4. Problem: Users’ password were getting locked upon login

 

Solution:
Passwords upon change in Release 12.2.5 is case-sensitive if Signon Password Case = SENSITIVE
Sign on Password Case Profile Does Not Work (Doc ID 1087519.1)

 

4. Please use below NFS Option recommended to be used for Linux For NFS V3 Doc ID 1375769.1
rw,nointr,bg,hard,timeo=600,wsize=65536,rsize=65536,nfsvers=3,tcp

 

5. Please use below commands to installed all rpms in one go needed to EBS 12.2 and RDBMS 12.1

 

wget http://public-yum.oracle.com/public-yum-ol6.repo
yum install oracle-rdbms-server-12cR1-preinstall-1.0-14.el6.x86_64
yum install oracle-ebs-server-R12-preinstall-1.0-7.el6.x86_64
ldconfig –v

Control File Backups for oldest 3 full backups were getting deleted and not maintaining all control file backups from all backups on disk

RMAN backup keeps the backup metadata information in the reusable section of the controlfile.
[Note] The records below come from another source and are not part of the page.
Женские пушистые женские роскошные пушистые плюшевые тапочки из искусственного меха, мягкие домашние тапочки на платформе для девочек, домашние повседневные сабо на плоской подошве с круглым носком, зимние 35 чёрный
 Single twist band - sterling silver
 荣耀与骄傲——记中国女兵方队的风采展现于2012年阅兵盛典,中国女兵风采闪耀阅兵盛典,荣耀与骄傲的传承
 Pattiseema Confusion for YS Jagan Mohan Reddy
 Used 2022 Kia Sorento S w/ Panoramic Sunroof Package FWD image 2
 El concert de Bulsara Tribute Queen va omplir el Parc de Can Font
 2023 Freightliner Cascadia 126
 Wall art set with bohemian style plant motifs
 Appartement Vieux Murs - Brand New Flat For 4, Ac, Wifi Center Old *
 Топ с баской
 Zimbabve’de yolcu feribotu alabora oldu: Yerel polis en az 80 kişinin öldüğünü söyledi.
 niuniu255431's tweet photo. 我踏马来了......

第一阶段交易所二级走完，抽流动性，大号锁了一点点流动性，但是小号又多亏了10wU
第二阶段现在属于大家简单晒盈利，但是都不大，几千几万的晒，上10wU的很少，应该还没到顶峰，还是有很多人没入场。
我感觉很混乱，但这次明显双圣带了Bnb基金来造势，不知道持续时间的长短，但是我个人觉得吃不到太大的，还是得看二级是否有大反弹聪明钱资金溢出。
It depends on the parameter CONTROL_FILE_RECORD_KEEP_TIME. CONTROL_FILE_RECORD_KEEP_TIME specifies the minimum number of days before a reusable record in the control file can be reused. In the event a new record needs to be added to a reusable section and there is not enough space then it will delete the oldest record, which are aged enough.

Backup retention policy is the rule to set regarding which backups must be retained (whether on disk or other backup media) to meet the recovery and other requirements.

If the CONTROL_FILE_RECORD_KEEP_TIME is less than the retention policy then it may overwrite reusable records prior to obsoleting them in the RMAN metadata. Therefor it is recommended that the CONTROL_FILE_RECORD_KEEP_TIME should set to a higher value than the retention policy.

 

NOTE:  Best practice is to NOT set control_file_record_keep_time to a value greater than 10.    If you need retention greater than this in the controlfile, you should use an RMAN catalog.

 

Formula

CONTROL_FILE_RECORD_KEEP_TIME = retention period + level 0 backup interval + 1

 

For e.g.

e.q. level 0 backup once a week with retention policy of a recovery windows of 14 days then in this case the CONTROL_FILE_RECORD_KEEP_TIME should be 14+7+1=22

 

Please note to set the retention policy of “14” days in this RMAN configuration format “CONFIGURE RETENTION POLICY TO RECOVERY WINDOW OF 14 days;” and NOT “CONFIGURE RETENTION POLICY TO REDUNDANCY 14;” (Redundancy keeps no of backup pieces includes level-0/level-1/archives and NOT number of days)